Tuesday, February 27

It's Only 26.2 Miles

With the daylight growing longer, I set out for this evenings run feeling fantastic. I know I’ve run throughout the day several times this month, but today seemed special. I’m not complaining, but it definitely wasn’t the temperature as it was only 5C on top of a cold north wind (I didn’t dress warmly enough). However, with the profusion of sunlight, colours jump out (and thankfully nothing else). Whatever the reason, I enjoyed it.

I’d stashed an empty handheld water bottle up near UVic on my recent long run and set out to retrieve it, via Mount Tolmie. The run up there cruised by effortlessly; it always amazes me when your feeling good during marathon training how 10’ block pass by in seconds.

With bottle in hand, I turned back, looping through the Uplands. My legs had felt fine up until this point, which I was pleased with. I imagined myself a weather-warn freight train, but one still with a lot of momentum. After about 55’ though my left hamstring cramped, nothing that caused me to stop, but I eased back for a 100m and reflected on the similar experience I’d received during the CIM. Perhaps I hadn’t replenished my electrolytes since Sunday’s jaunt? I’m considering this a blessing, and a useful reminder to rehydrate. Now if I can only remember what Jim recommended.

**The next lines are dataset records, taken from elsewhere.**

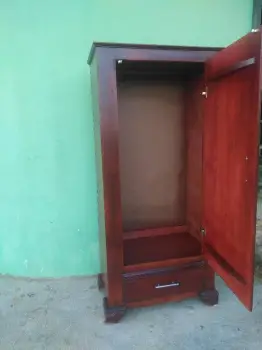 Armario pequeño para organizar ropa
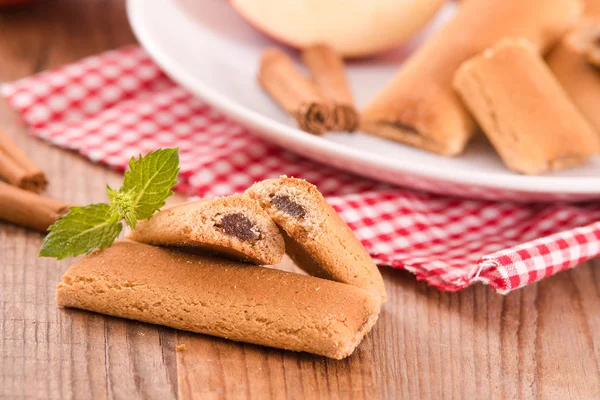 Bisküvi ile meyve doldurma. 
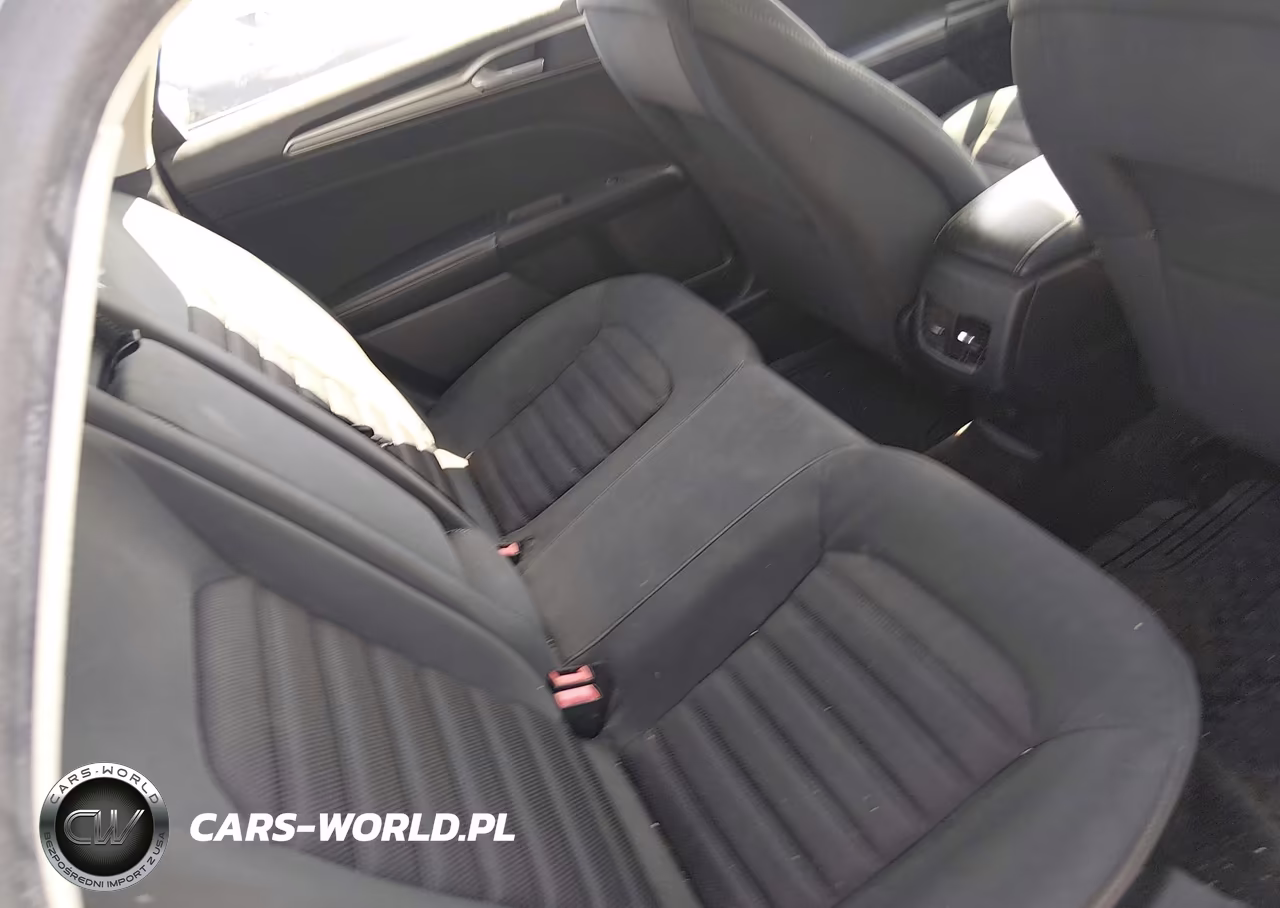 2018 Ford Fusion Se VIN:3FA6P0HD1JR131068 - 8
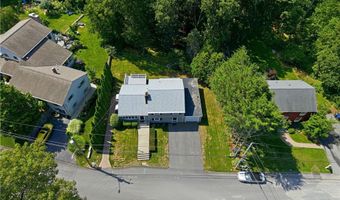 33 Shirley Dr, Cumberland, RI 02864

A few days back I came across an interesting Running Times
article written by Jonathan Beverly. Have you ever wondered how many miles you need to run in order to race a marathon (pace dependent)? Long runs; how far and what pace? How much speedwork? Jonathan draws from Mark Conover, Jack Daniels, Mark Winitz, and yes Galloway, as he attempts to collate a response.

Apparently I’m running too much.

Training: 1:14:07, AHR 136, MAX 158 (one down, eight to go)

4 comments:

Chris said...

Clearly Jonathon Beverly did not draw on Arthur Lydiard, who said you can really never run too much mileage.

Thomas said...

Apparently I should be running sub-2:30 marathons on my recent mileage. Yeah, right.

Mike said...

It's good to feel good. Sounds stupid but it's true. I take it as a sign that you're recovering from the workload, which I think makes progress possible.

Nice run. I'm guessing you're right about the cause of the cramp. I've never had those (knock on wood), but someone gave me an electrolyte supplement to try that is supposed to help with that (E-Lyte or something like that).

Love2Run said...

Yeah, right, if it was just mileage we'd all be running sub 3's. Lydiard is the man to look up to in my books too.